Vem este exemplo de pastilha elástica (coisa que nos vêm à cabeça, sabe-se lá porquê...) a propósito de cabinas, túneis e de verdadeiras pastilhas elásticas, tão do agrado, entre outros, de figuras como o velho treinador do Manchester United, sir Alex Ferguson, ou do ainda recente treinador do Benfica, armado cavaleiro logo na sua primeira época na Luz, que dá pelo nome de Jorge Jesus. Tal como o sábio treinador escocês tão campeão pelos ingleses, também o inconstante treinador português do tão campeão clube encarnado de Lisboa não dispensa a pastilha.
Elástica das boas, daquelas densas, cheias de goma, tipo Gorila ou mesmo Super-Gorila, capaz de se ver esticada sem partir, eis a favorita de Jesus, que parece gostar delas resistentes, e passa os 90 minutos de um jogo (mais o respectivo tempo de compensação e não de descontos, como muitas vezes por aí se diz e escreve) a mascá-las com a experiência e o empenho de um autêntico cowboy.
Tem, porém, o treinador do Benfica o curioso cuidado de tirar a pastilha da boca para se atirar em campo aberto, por exemplo, à confusão de uns empurrões e muitos impropérios com adversários - de calções, fato de treino ou mesmo engravatados - no final de um qualquer jogo muito emotivo como foi o que a sua equipa disputou com o Marítimo.
Inequivocamente contra um total desrespeito pelas pastilhas elásticas parece realmente ser Jorge Jesus, nada dado a mastigá-las e a deitá-las fora, como se viu depois do triste espectáculo em pleno relvado das águias, após o apito final do tal encontro Benfica, 2 - Marítimo, 1.
Logo que acalmaram os ânimos daquela súbita investida de personagens de ambas as cores, em torno do árbitro ou de adversários, foi possível descortinar a decisão do treinador encarnado de recolocar a pastilha no seu devido lugar, passando-a de novo - num acto não muito higiénico, é verdade, mas sempre muito dedicado - da mão direita para a boca.
Acto pouco higiénico mas honesto, esse, de quem preza a pastilha elástica e a considera companheira inseparável nas horas boas e nas horas más, e é incapaz de a ver transformada numa espécie de Francisco Silva das chicletes.

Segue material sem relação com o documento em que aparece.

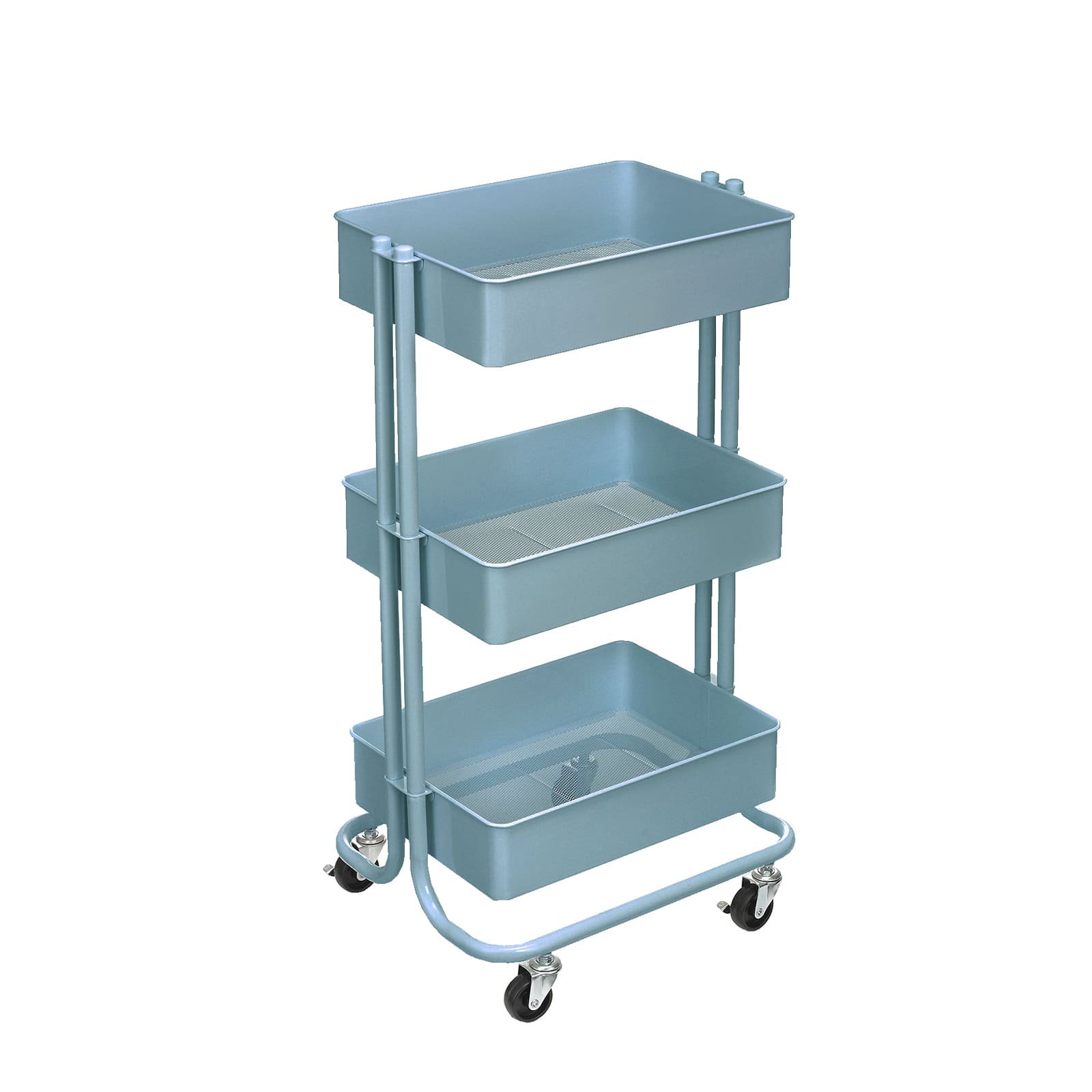Simply Tidy Lexington 3-Tier Rolling Cart. Dusty Blue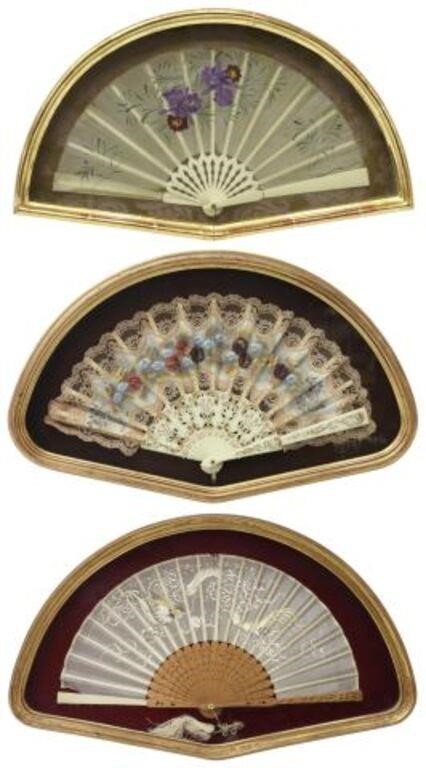 (3) LADY'S FOLDING FANS IN SHADOWBOX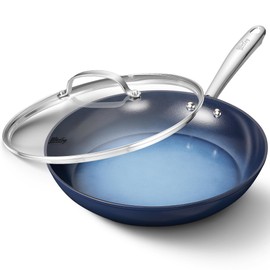 HLAFRG 12 Inch Nonstick Frying Pan with Lid, Ceramic Skillet, Omelet Pan, Less Oil for Health Cooking,12 inch Small Pan with Heat-Resistant Handle,All Stoves Compatible, Gradient Blue Pan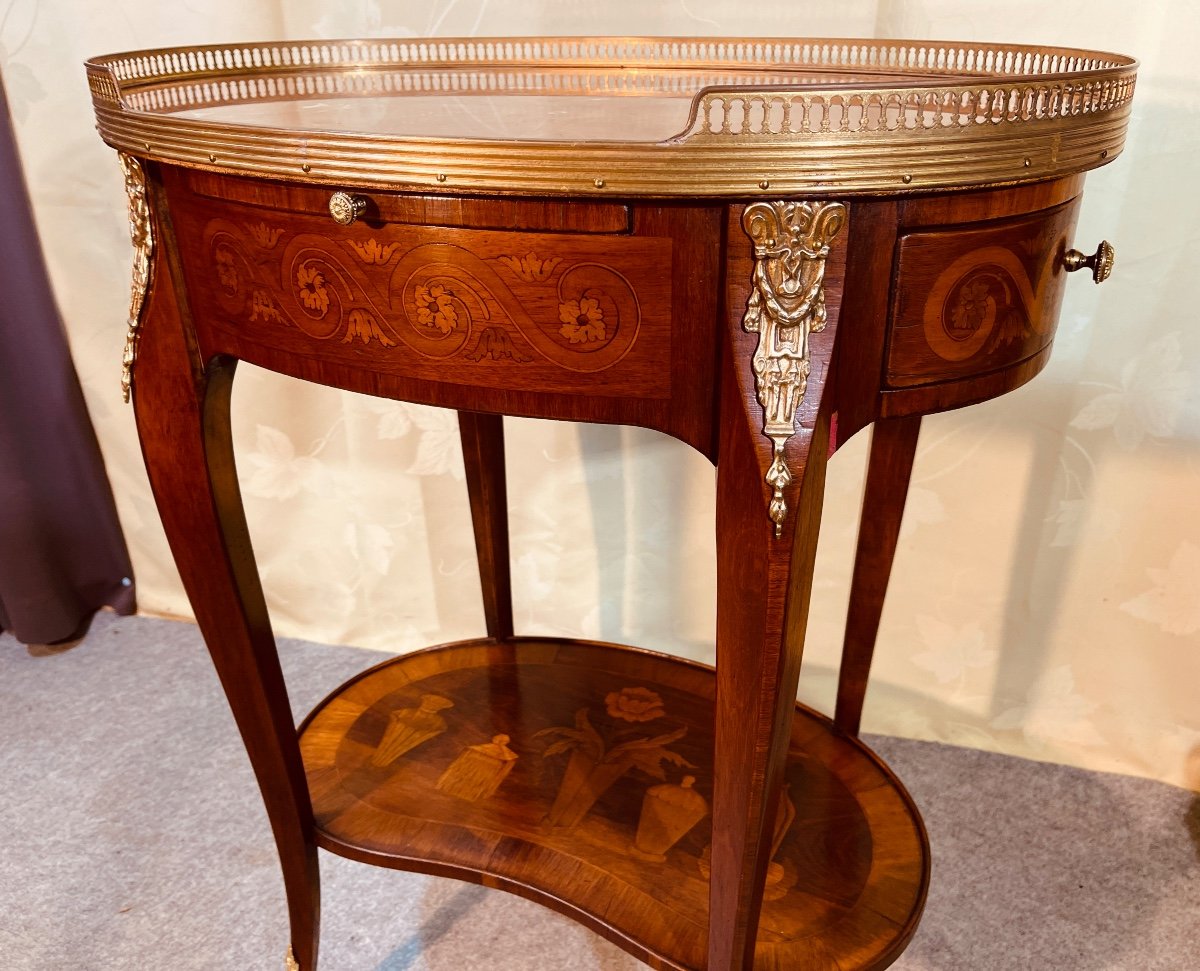 Louis XV Marquetry Coffee Table, 19th Century -photo-2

Noutros tempos, a pastilha elástica no futebol tinha, pois, um significado bem mais de acordo com a sua própria origem. Era mesmo só para mastigar e deitar fora. Nestes tempos, a muitos nem era dada a oportunidade de terem a dignidade da pastilha elástica de Jorge Jesus. Depois de usados - como o bom do antigo e pobre árbitro algarvio - corriam mesmo o risco de ser deitados fora, o que alguns até mereciam dada a sua apaixonada dedicação a causas pouco nobres.
Nesses tempos, aliás, a pastilha elástica era realmente um hino à metáfora do lado mais escuro do futebol, quando se vivia, ao mesmo tempo, o tempo de grandes confusões nos túneis de alguns estádios, criadas por quem hoje tem a distinta lata de querer atribuir a sua autoria a responsáveis da Luz como Jorge Jesus e Rui Costa, lamentavelmente exaltados em dois ou três jogos episódios nada edificantes, é certo, na sua luta por uma verdade que nem sempre sabem construir e muito menos defender. Mas hoje, pelo menos todos podemos ver às claras a pastilha na boca de Jesus ser mastigada e nem sempre deitada fora, e a irreflexão (sempre criticável) ser obra do acaso e não de um sistema.
Mas é a vida. Continuo, porém, a ter pena dos que jamais saberão perder. Porquê? Saberão esses alguma vez ganhar?"